Leider kann man nicht einfach sagen, sein Buch sei nur schlecht. Schön wär´s. Vielmehr ist es eine üble Mischung aus interessanten Daten und Fakten sowie deren Verzerrung durch die Brille des Hasses, aus richtigen Analysen und falschen Schlussfolgerungen. Das merkt man – wie beim SPIEGEL – oft erst, wenn man sich bei einem Thema, das er behandelt, wirklich gut auskennt. So ging es mir mit dem scheinheiligen Kapitel „Unser arabisches Erbe“, wo der Autor auf gerade mal zweieinhalb Seiten sehr, sehr lückenhaft aufzählt, was die abendländische Wissenschaft, Gastronomie, Medizin, Architektur und Wasserwirtschaft den Arabern verdankt.

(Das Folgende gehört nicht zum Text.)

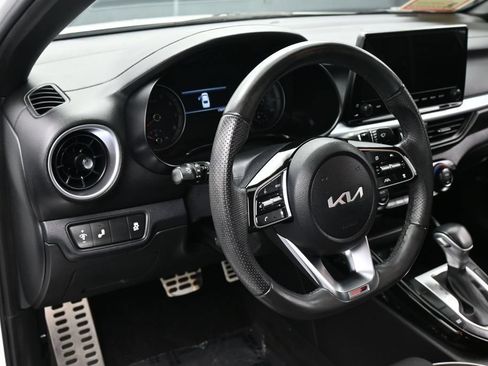Used 2022 Kia Forte GT-Line w/ GT-Line Technology Package FWD image 14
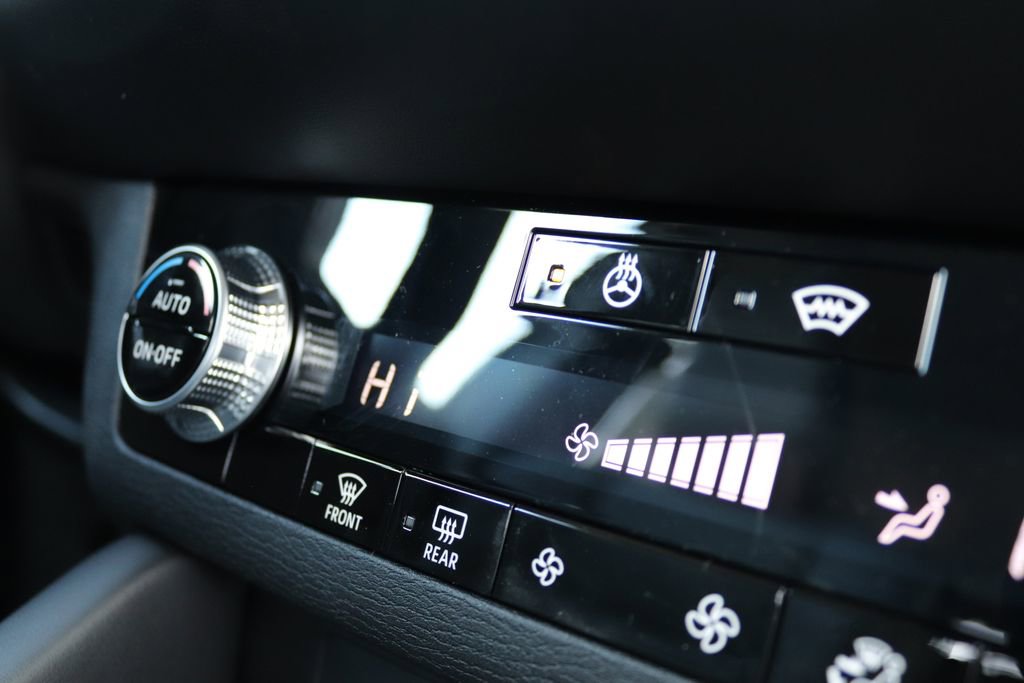 New 2026 Mitsubishi Outlander SE image 28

Der Autor hat zwölf Jahre in islamischen Ländern gelebt, hat viel gesehen und zitiert eine Menge Fachliteratur. Deshalb ist es sicher keine Unwissenheit, sondern unlautere Absicht, wenn er ständig die Begriffe „Araber“ und „Muslime“ oder “Islam“ und „Islamismus“ verwechselt. Bei mir kommt das Buch daher nicht ins offene Regal mit Aufklärungsliteratur, sondern in die Giftküche für Spezialisten. [Dort stehen auch einst verbotene Bücher über Hexen, Freimaurer und christliche Sekten.] Man braucht kein Jurist zu sein, um den Eindruck zu bekommen: An manchen Punkten erfüllt dieses Buch durchaus den Straftatbestand der Volksverhetzung.

Udo Ulfkotte: „Heiliger Krieg in Europa. Wie die radikale Muslimbruderschaft unsere Gesellschaft bedroht“.
Eichborn Verlag, Frankfurt a. M., 303 Seiten, 19,90 €.